In recent years, machine learning (ML) has been proven to be a very powerful method in medical fields [10–13]. ML is a field of artificial intelligence, which mainly challenges big data and high dimensional data. The most prominent area of research which has seen rapid growth is in the field of diagnostics and prognosis [14–18]. ML, as a kind of classical prediction model, has good predictive performance [19]. By self-learning from big data, ML can produce a stable model that can predict the outcome of another dataset [20]. ML has been increasingly used also in the field of HF research [21,22]. HF is a significant health problem in PD patients worldwide. In the United States, the annual mortality rate of such patients is as high as 20.7%, and the median morbidity hospitalization is two times per year [23]. In this study, ML algorithm was used to build a model to predict the risk factors of HF and all-cause death in PD patients. Early diagnosis, early treatment, improve the quality of life.

Materials and methods

Study population

This study included patients who underwent PD catheterization and continuous ambulatory peritoneal dialysis (CAPD) in the Department of Nephrology, Fujian Provincial Hospital from January 2010 to December 2016. All adults aged ≧18 years. Patients were considered eligible for study inclusion when they had been on CAPD treatment for 3 months or more. Exclusion criteria included patients with underlying malignancy, pregnancy, severe mental illness, severe lung disease, severe heart disease (NYHA III–IV) or congenital heart disease, active stage of autoimmune disease requires large dose of glucocorticoid and immunosuppressive therapy, missing data >10%. In total, 1200 PD patients were enrolled in the study. Six patients with underlying malignancy, four patients with severe lung disease, 27 patients with severe heart disease (NYHA III–IV), and one patient with active stage of autoimmune disease requires large dose of glucocorticoid and immunosuppressive therapy and 18 patients had >10% missing data were excluded. One thousand one hundred and forty-four patients were included in this study. The participants were followed until February 2021. Forty patients transferred to hemodialysis, 23 patients received kidney transplantation, and 75 patients lost follow-up. The final analysis included 1006 participants. The participants were randomly assigned to development set and external validation cohort. The development set were 606 participants. The external validation cohort included 400 participants. The work flow of the patients’ inclusion procedure is presented in Suppl. Figure 1. This study was approved by the Fujian Provincial Hospital ethics committee as an exempt study with a waiver of informed consent, allowing a retrospective review of medical records.

Data set

The data were obtained from the electronic medical records system and the laboratory information management system of the Fujian Provincial Hospital. All the data were collected for routine patient management with no additional data input required for the modeling. Clinical data of eligible patients were extracted and aggregated into a data tables for use by the ML models.

The endpoints

The endpoints were defined as HF hospitalization and all-cause death. HF is a clinical syndrome characterized by a range of symptoms (dyspnea, limited physical activity, and edema) and signs (elevated jugular vein pressure, pulmonary congestion), usually caused by a structural or functional disease of the heart that results in ventricular filling and/or impaired ejection capacity. HF is classified according to New York Heart Association (NYHA) functional class. The primary end point was HF hospitalization, NYHA functional class III–IV. The secondary end point was all-cause death.
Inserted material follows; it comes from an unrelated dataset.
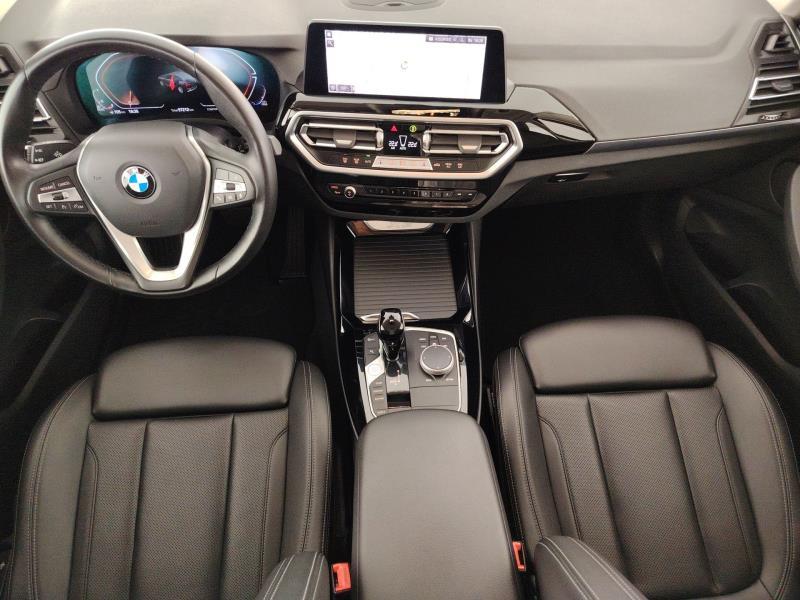 BMW X3 sdrive18d mhev 48v auto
Diagnostic criteria for HF [24]: (1) dyspnea, fatigue, or decreased activity endurance; (2) signs of fluid retention (pulmonary congestion and lower limb swelling): such as elevated jugular venous pressure, wet rales at the bottom of lung; (3) abnormal cardiac structure and/or function in echocardiography and pulmonary edema indicated by imaging. (4) The symptoms, signs, and imaging manifestations of the above patients were relieved by intensive dialysis, which included increasing the dialysis dose or using high concentration peritoneal dialysate. Physicians choose intensive dialysis according to the patient’s peritoneal function and the degree of HF.
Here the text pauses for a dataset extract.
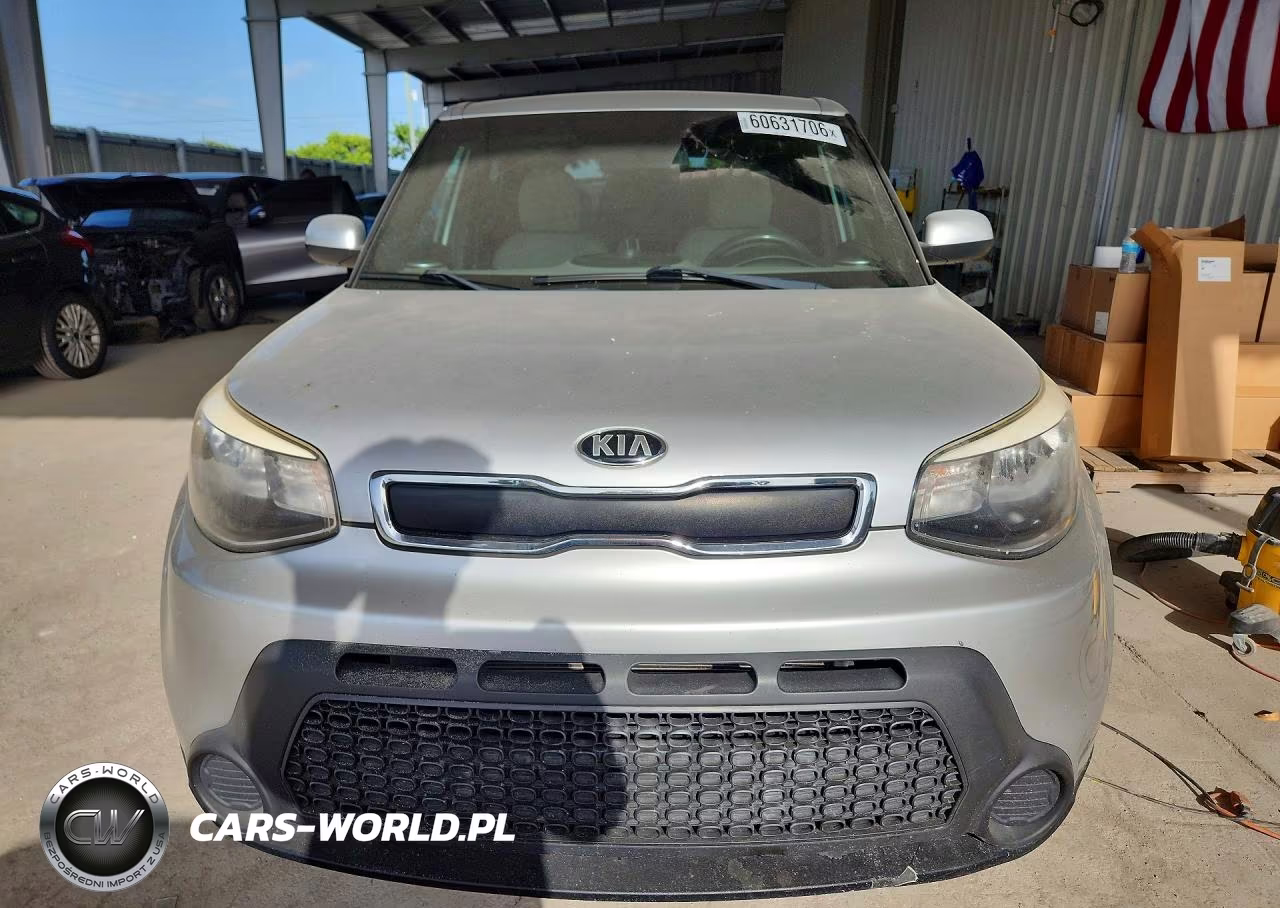 2015 Kia Soul Base VIN:KNDJN2A25F7770678 - 5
Dyspnea and fatigue were measured using four-point and five-point exertion scales recorded respectively by the investigator [25]. The investigator quantified the severity of lung congestion by Congestion Score Index (CSI) [26,27] and assessed the degree of peripheral edema at baseline [28].The above symptoms, signs, and imaging scoring systems were also used to evaluate the remission of HF. The details of scales of dyspnea, fatigue, and lung congestion, peripheral edema are shown in the Suppl. Data.

Candidate variables

For each of the variable, selection was clinical routine data. In total, 113 patient characteristics (including demographics, comorbidities, vital signs, laboratory characteristics, electrocardiogram, echocardiogram, digital radiography, and therapy) were collected as variable candidates by medical record. Variables with >10% missing data were excluded, and removed variables with a correlation coefficient >0.5. Finally, the study analyzed 96 variables. Missing data <10% were imputed using a random forest (RF) imputation.

The Charlson Comorbidity Index (CCI) [29] includes 19 variables related to comorbidities, with scores ranging from 1 to 6, and the sum of ownership weights is the single complication score for each patient.

In accordance with the 2016 European Society of Cardiology Guidelines for HF, an echocardiogram has at least one of the following abnormalities: LA enlargement, LV hypertrophy, or mitral valve inflow/tissue Doppler abnormalities. Echocardiography was performed by experienced sonographers after 3 months PD. The two examiners of echocardiography have undergone uniform training.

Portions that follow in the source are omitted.